This study shows significantly higher postoperative mortality, (severe) morbidity and failure to rescue rates for high-risk patients, defined as patients with a Charlson Comorbidity Index of 2 or more, compared to low-risk patients after TTE. A similar increase in severe morbidity rates was observed in high-risk patients who underwent THE; however, mortality, failure to rescue rates and general morbidity rates, including pulmonary complications, were not significantly different. Propensity score-matched analysis suggest that, in high-risk patients, TTE is associated with increased postoperative mortality, (severe) morbidity, pulmonary and cardiac complications, increased number of postoperative interventions, and longer times of admission to ICU and overall hospital stay compared to THE. No differences were observed for failure to rescue rates and surgical complications such as anastomotic leak or surgical-site abscesses. Due to the nature of the two surgical approaches, TTE provided a more thorough oncological resection with a higher lymph node yield, however there was no difference in the median number of positive lymph nodes or R0 resection rate. The subgroup analysis, excluding intrathoracic reconstructions, reveals that in high-risk patients following a McKeown esophagectomy a significantly higher mortality, overall morbidity and pulmonary complication rate is reported compared to THE patients.

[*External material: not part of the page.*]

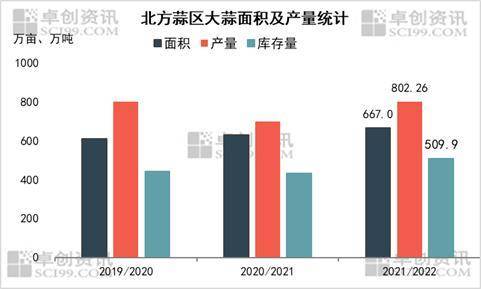 2022年夏收大蒜库存量创历史新高，后市行情走势如何？（2020年大蒜库存）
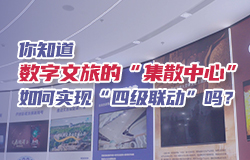 你知道数字文旅的“集散中心”如何实现“四级联动”吗？ “陕西省文旅产业运行监测与应急指挥平台”为景区和相关部门提供了一个高效的沟通桥梁。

The optimal surgical management of esophageal cancer has been a topic of discussion for decades.30,31 Early studies reported oncological benefits of a more extensive transthoracic resection and lymphadenectomy, however these studies were initiated in the monomodal treatment era.2,4–6,32 A recent population based study confirmed a higher lymph node yield, at the cost of an increased morbidity and short-term mortality in patients following TTE compared to THE.3 Although some studies reported similar significantly lower mortality rates33 and less postoperative pulmonary complications,2,13 most individual studies did not observe any significant effects in postoperative mortality and morbidity rates after THE compared to TTE.6,7,34–38 In three meta-analyses, comprising 6 to 48 studies, the effect was pooled across studies, revealing a significantly lower mortality after THE compared to TTE.31,39,40

As for the impact of preoperative clinical condition, several studies have identified a correlation between negative postoperative outcomes and preoperative factors such as: comorbidities7,14,34,36,38,41 (hypertension, chronic obstructive pulmonary disease and vascular disease), poor functional status,7,34,36,38 high ASA scores7,36,38 and an older age.14,34,36 Atkins et al.14 observed that a Charlson comorbidity index score of three or more was significantly associated to increased mortality rates, comparable to the results of the current study.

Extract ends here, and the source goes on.